As in `Example 2`, we
1. pass in an array to the inference.
2. Notice that the warmup example fixes the lengths of the array that the onnx model expects.
3. check out the netron visualization of the model.

In this example, we take an array `x`, and then take the `argmax` of the entries in `x`.
denote this index by `k`, then we return `m*k + c`.

Here, we will try a workaround: 
1. Compute the `max` of the array `x`. As we saw in `Example 2`, `onnxruntime` has `max` implemented
(`ReduceMax`).
2. Compute a `mask` consisting of the entries in the array that are `geq` than this `max`.
Note that this `mask` is an array of `0`s and `1`s. If the original array has a unique maximum, then 
this array will have exactly one `1`. 
3. If the nonzero array be called `nz`, then pick up the `argmax` as `nz[0][0]`. Note that the array `nz` has `size(1, k)` where `k` is the number of appearances of the `max` in the array.

**Note**:
1. If the `max` appears in the array `x` multiple times, then we pick up the _smallest_ index at which 
the `max` appears. 
If you want to pick up the _last_ appearance of the `max` in the array `x`, then that is simple too:
use `nz[-1][0]` instead of `nz[0][0]`.
2. Also, note that we use `torch.nonzero(mask, as_tuple=False)`; this is because of [this issue](https://github.com/pytorch/pytorch/issues/32994#issuecomment-629810935)

In [1]:
onnx_model = "example4.onnx"

In [2]:
import torch
import torch.nn as nn
import numpy as np

In [3]:
class SampleNet(nn.Module):
    def __init__(self):
        super(SampleNet, self).__init__()
    
    def forward(self, x):
        b = torch.max(x)
        mask = x.ge(b).type(torch.int64)
        nz = torch.nonzero(mask, as_tuple=False)
        return nz[0][0]

In [4]:
model = SampleNet()
model.eval()

SampleNet()

In [5]:
# the warmup stage
x = torch.LongTensor([1, 2, 3, 4])
out = model(x)  # the argmax

In [6]:
out

tensor(3)

In [7]:
torch.onnx.export(
model,
x,
onnx_model,
opset_version=11,
do_constant_folding=True,
input_names=['input'],
output_names=['output'])

In [8]:
# uncomment to install netron.
#!pip install netron
import netron
netron.start(onnx_model, port=8083)

Serving 'example4.onnx' at http://localhost:8083


### use the onnx model

In [10]:
import onnxruntime as ort
import numpy as np
sess_options = ort.SessionOptions()
sess_options.enable_profiling = True
sess = ort.InferenceSession(onnx_model)

In [11]:
sess.get_inputs()[0].name

'input'

In [12]:
# check out the signature of sess.run - it has to have the output, then something like a feed_dict.

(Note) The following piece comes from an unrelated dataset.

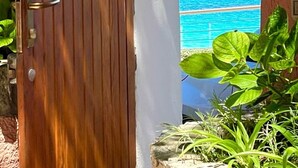 A wooden door leading to a balcony with a view of a blue sea and rocky outcrops. - Captain Howard House
 Blackburn Santa Teresa Gallura (Santa Teresa Gallura)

# either pass the feed dict directly.
# passing an array of any other size will result in an error.
outs = sess.run(['output'],
                       {
                         'input': np.array([11, 20, 22, 12], dtype=np.int64)  
                       })

print(outs)  # should be 2, since array[2] = 22

[array(2, dtype=int64)]